# DATASET EXCERPTS:
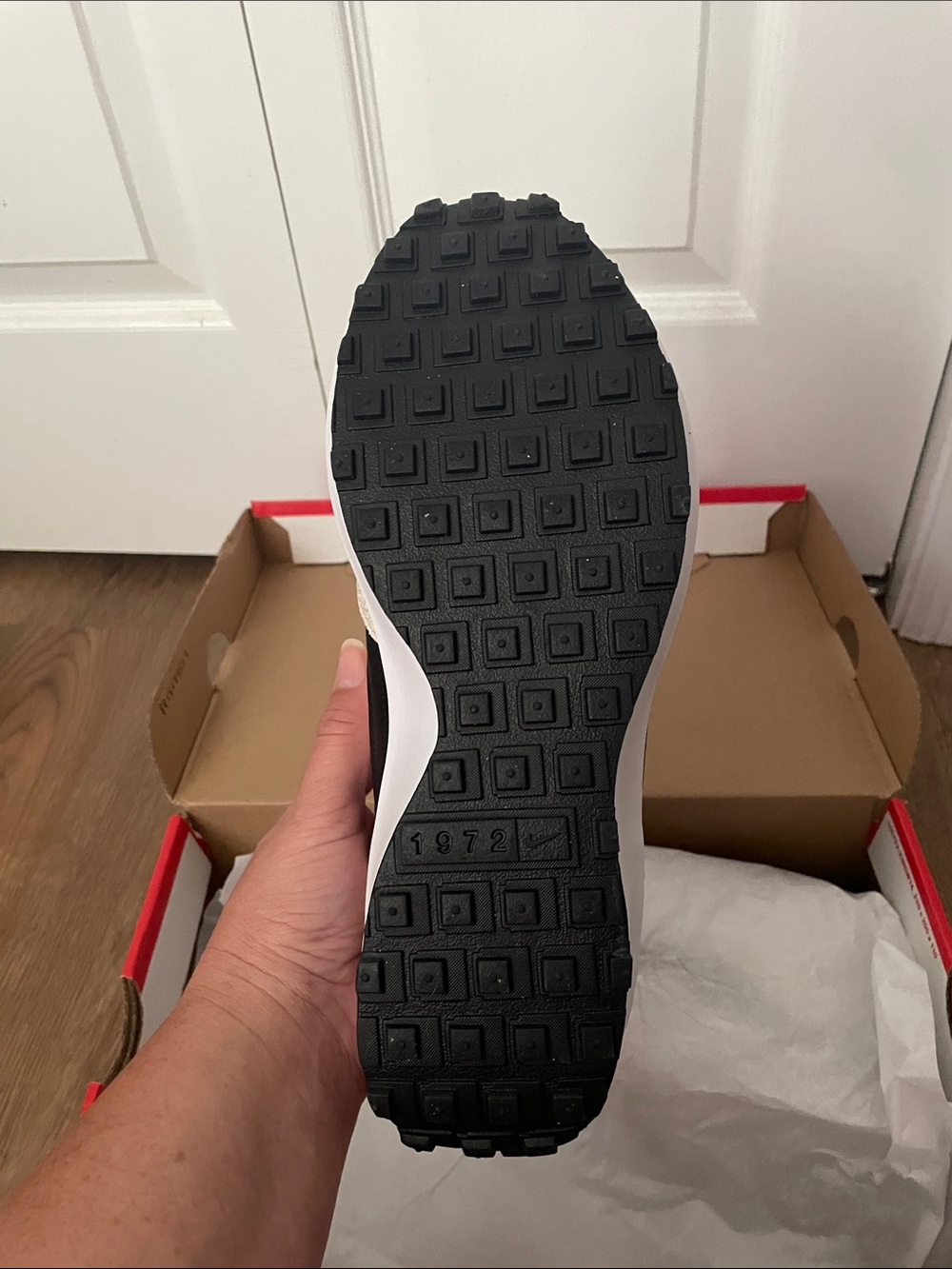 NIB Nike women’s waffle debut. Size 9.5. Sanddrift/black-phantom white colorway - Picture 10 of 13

---

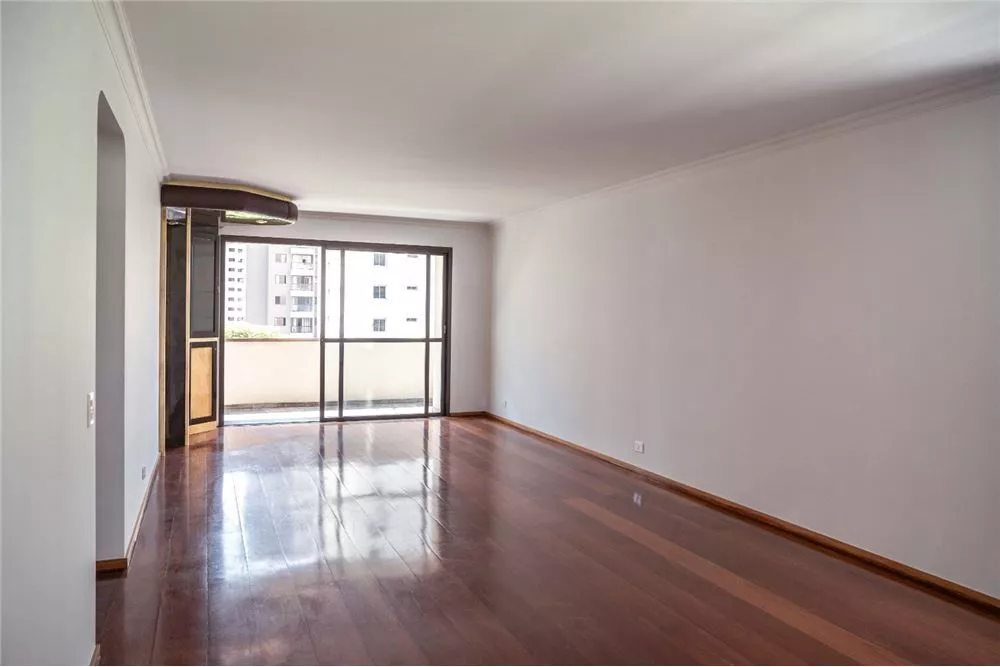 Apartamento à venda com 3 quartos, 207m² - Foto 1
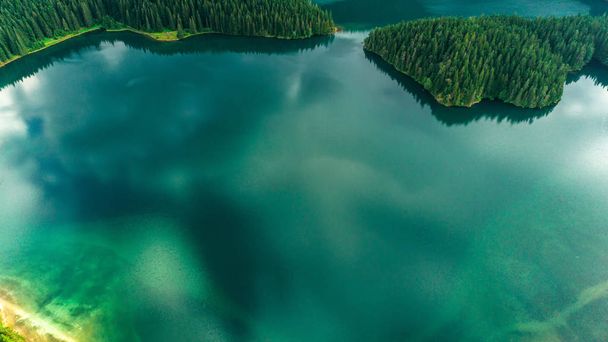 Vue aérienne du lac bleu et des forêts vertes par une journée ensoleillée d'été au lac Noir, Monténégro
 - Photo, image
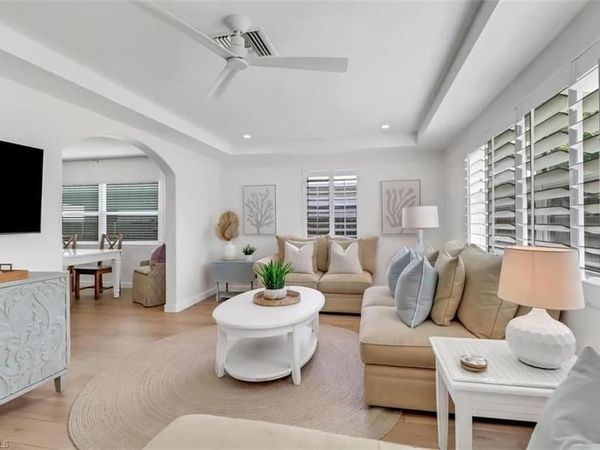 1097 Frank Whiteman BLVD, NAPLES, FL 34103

# WHAT TO PRODUCE:
Your answer must be the exact lines from the records above, from the one containing "- Photo, image" through the one containing "1097 Frank Whiteman BLVD, NAPLES, FL 34103", both included, with every picture left out.

# EXERCISE ANSWER:
 - Photo, image
 1097 Frank Whiteman BLVD, NAPLES, FL 34103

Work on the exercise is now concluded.